West Papua - What Next? Print E-mail

 

ICJ Australia held a forum on West Papua in Sydney on Thursday 1 June 2006 (details below).

Mr John Dowd AO QC, President of ICJ Australia, today said:  “The recent acceptance by Australia that 43 refugees from West Papua have a well-founded fear of persecution has placed the plight of West Papuans under Indonesian rule well and truly back into the public eye. The situation has languished in obscurity for too long.”

ICJ Australia has been monitoring the flight of West Papuan refugees for over 20 years.  ICJ Australia has visited the neglected refugee camps across the border in Papua New Guinea .  In recent years, ICJ Australia was denied access to West Papua to monitor the humanitarian crisis there.

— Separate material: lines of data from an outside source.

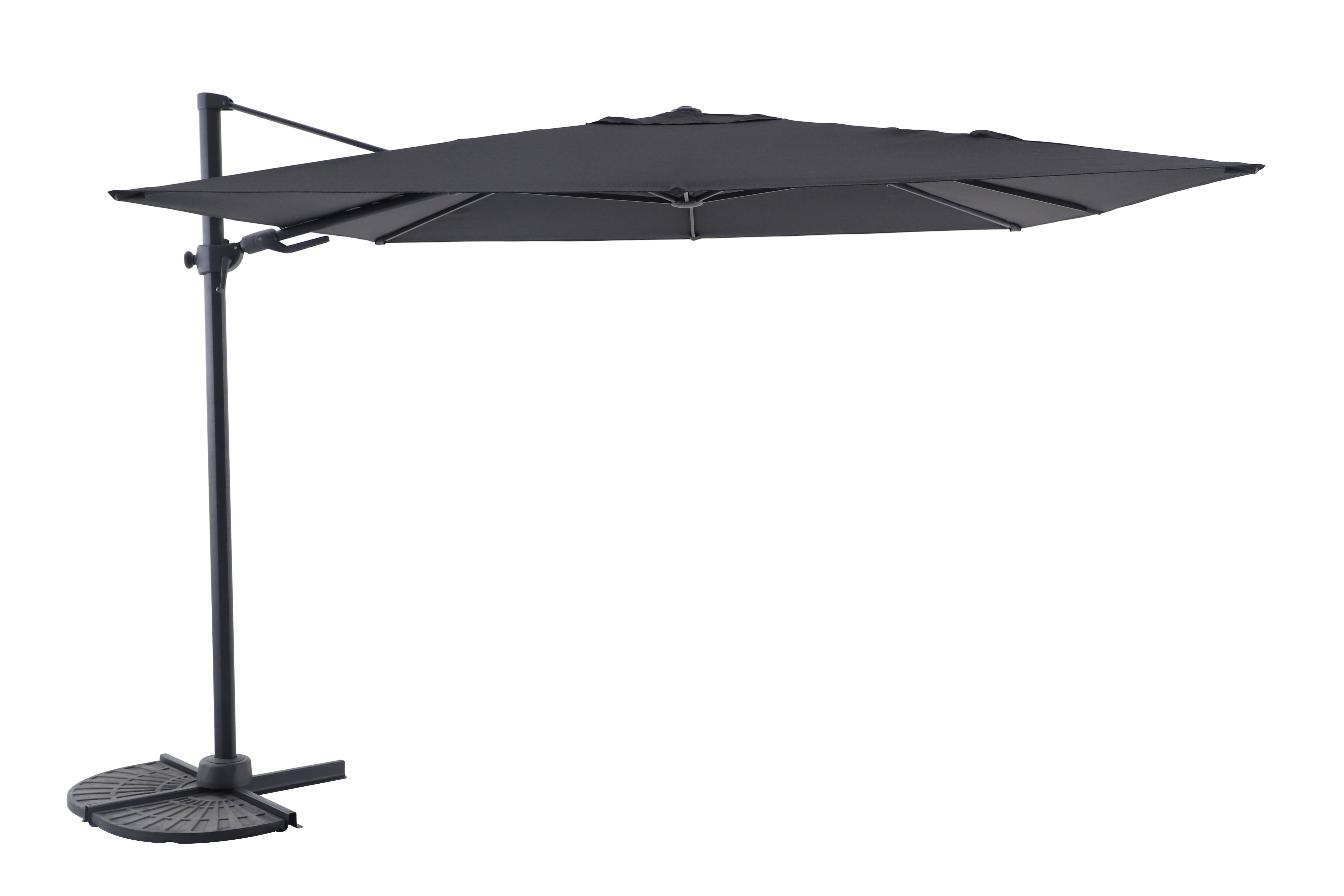 Ecloz - Parasol desplazado inclinable cuadrado poliéster 3x3M 220g/m² antracita Eren ECLOZ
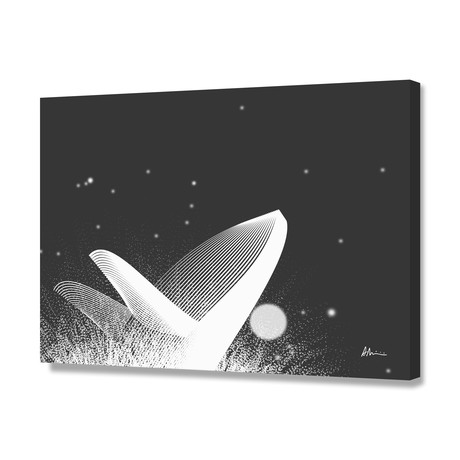 Whale BW // Canvas (16"W x 24"H x 1.5"D)
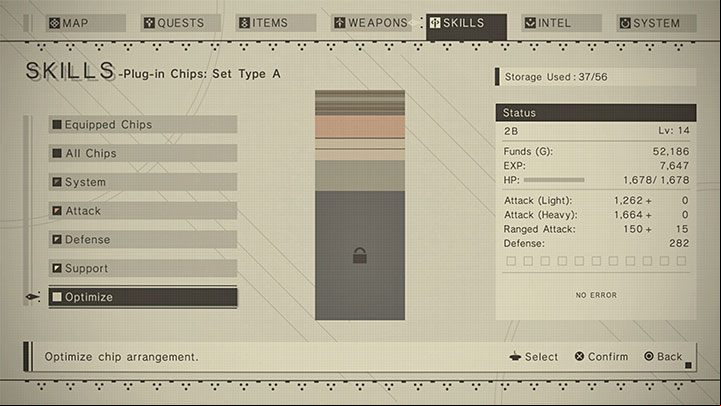 If you have problems placing the bar in an empty space, use the Optimize option to sort the installed chips and make it easier for you to install more - NieR Automata: Chips - how to install? - FAQ - NieR Automata Guide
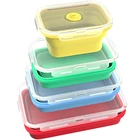 Stackable Collapsible Vacuum Canister Silicone Food Storage Container Set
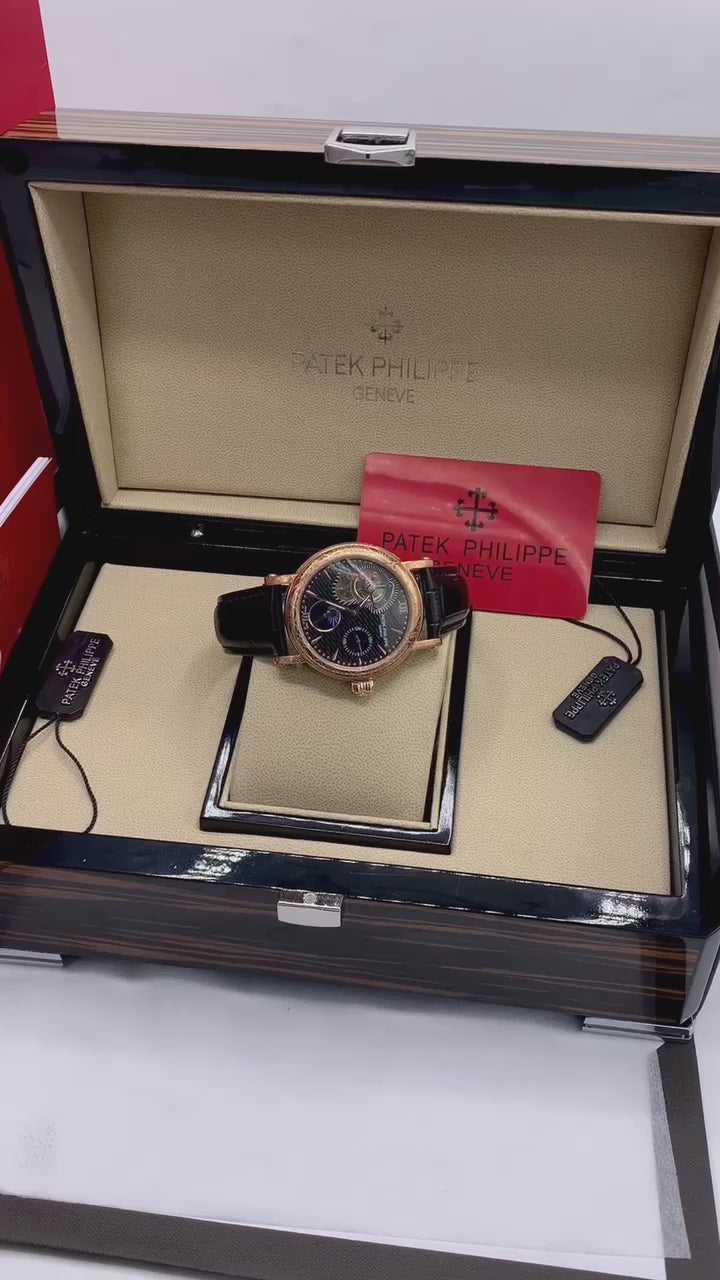 Patek Philippe Tourbillon Moonphase Leather Strap Watch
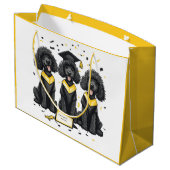 Abschluss Standard Poodle Hunde Große Geschenktüte (Rückseite Schrägansicht)
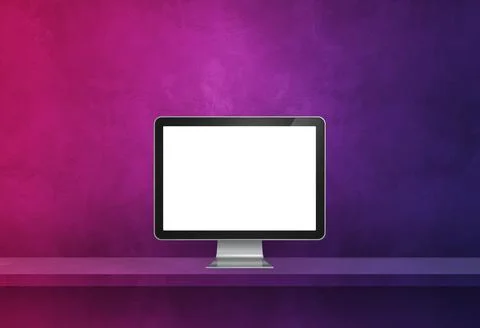 Computer pc on purple shelf banner Illustrazione stock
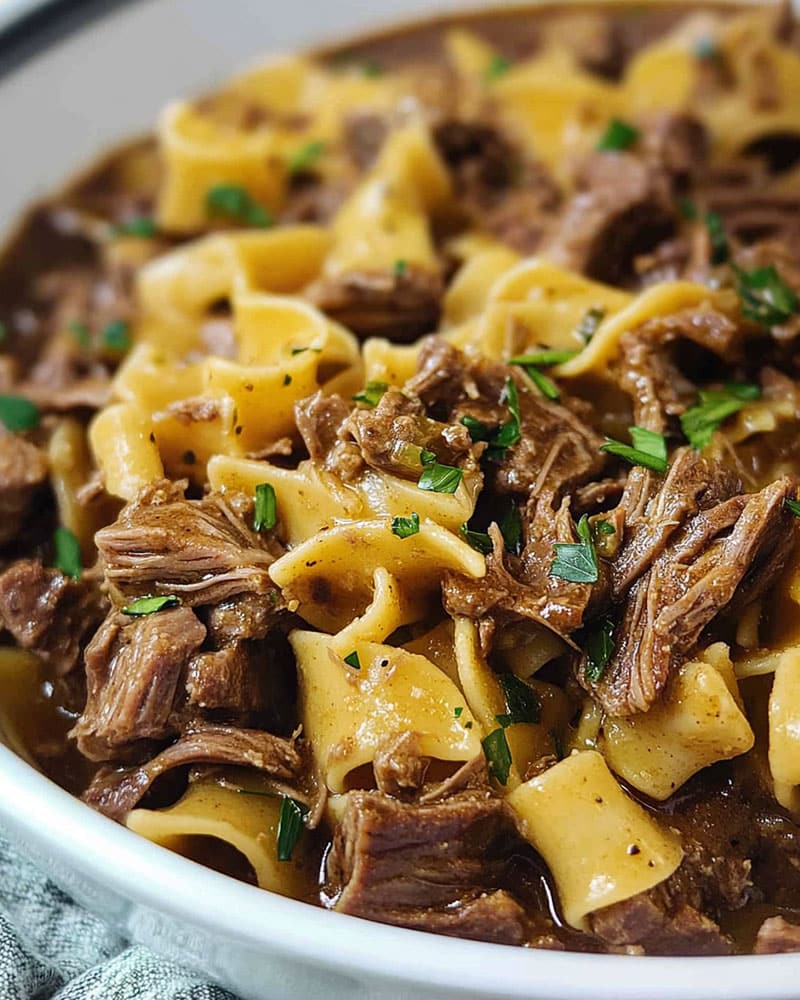 Crockpot Mississippi Beef and Noodles Recipe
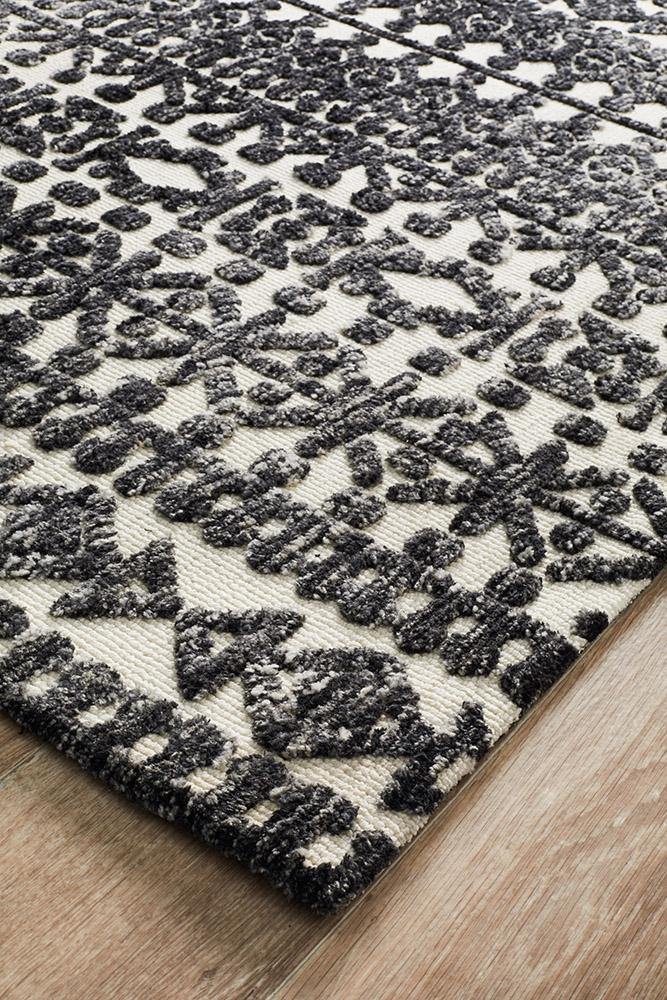 Levi Yasmin Ivory Black Rug - Cozy Rugs Australia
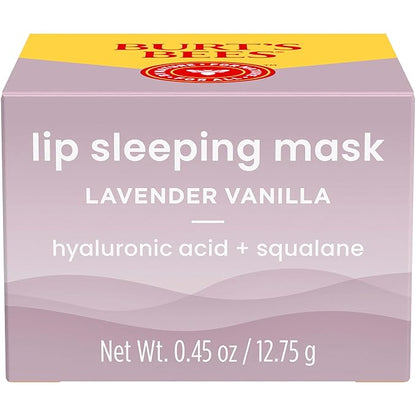 Burt’s Bees Stocking Stuffers, Lavender Vanilla Lip Sleeping Mask, With Hyaluronic Acid and Squalane Moisturizer To Instantly Hydrate Lips, Overnight Lip Mask, Lip Treatment Christmas Gifts, 0.45 oz.
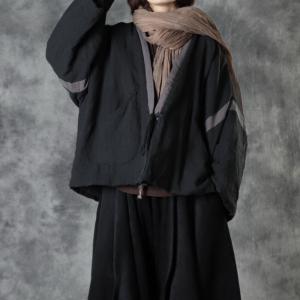 Chinese Fashion Tied Black Coat Quilted Kimono Jacket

Mr Dowd said: “The Australian government’s recent promise to Indonesia to block West Papuan refugees from securing protection in  Australia illustrates the recent surge in attention to this long-festering humanitarian crisis on our doorstep. Australia's gun boats are now patrolling our northern waters, to turn back refugees.  It's an outrage. It is as egregious a violation of international law as it would have been for West Germany to post snipers on the Berlin Wall.”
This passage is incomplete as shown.